The use of ultrasound and infrasound to repel or warn wildlife of imminent danger have both been considered but are considered impractical or ineffective for various reasons. Avoiding or eliminating habitat features that attract wildlife has also been suggested but this solution tends to be impractical in the environment of most airports and its effectiveness tends to be species-specific.
The prior art solutions most often considered and used rely on the production of stimuli that are intended to scare away the birds. These stimuli include scaring noises of a mechanical nature (e.g. horns, miscellaneous mechanical noises, scare cannons or scare guns), bio-acoustical sounds (e.g. recordings of distressed birds or of human voices), visual stimuli (e.g. lights, strobe lights, balloons or stuffed animals) and pyrotechnics (crackers, fireworks).

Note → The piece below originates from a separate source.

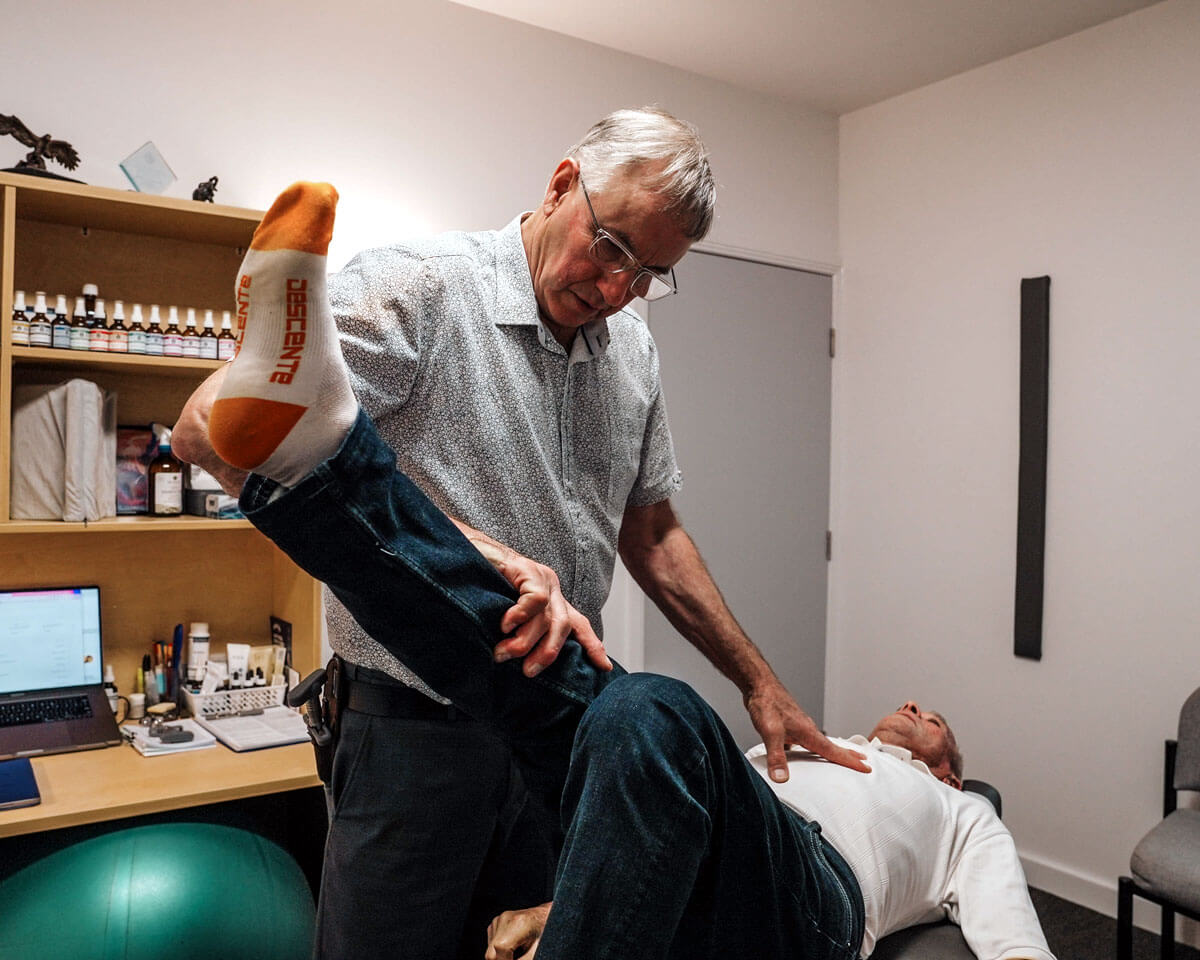 Chiropractor discussing supplements with two Toowoomba patients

However, it is broadly recognized that wildlife, and particularly birds, become habituated to various stimuli and eventually cease to be repelled or scared by them. In an attempt to minimize habituation, many prior art approaches provide randomness and variety to render the stimuli unpredictable (e.g. Hans Blokpoel, Bird Hazards to Aircraft, Clarke, Irwin & Company, 1976; Scare Wars (product literature), Reed-Joseph International Company; Peterson, et al. U.S. Pat. No. 5,450,063). These measures have the effect of delaying the onset of habituation. However, they do not prevent it. Indeed, it is broadly recognized that the prior art scaring solutions do not repel birds with any significant degree of permanency (Van Egmond and Green, 1989).
More sophisticated and labour intensive approaches to keeping birds at bay include the use of model airplanes, falconry or bird dogs. These approaches each require considerable human intervention and have their own particular limitations. They are also costly and are sometimes unreliable or simply unsafe, particularly in airport environments.
It is also known in the prior art to conduct occasional killing of birds, sometimes leaving the corpse to lie within sight of other birds, in an attempt to avoid habituation to dispersal stimuli. However, this is an extreme measure and is nonetheless labour intensive and somewhat limited in effectiveness.
Several authors have analyzed the problem extensively and have concluded that nothing short of a mobile, aggressive and persistent patrol group with suitable scaring equipment is required to keep birds away from the area surrounding airstrips (Blokpoel, supra; Bruce MacKinnon, Transport Canada, New Technologies in Wildlife Control, Airport Wildlife Management, No. 19, Fall 1996).
It is therefore apparent that despite many efforts over the past century, there is still a clear need for an effective method of keeping wildlife out of the vicinity of airports.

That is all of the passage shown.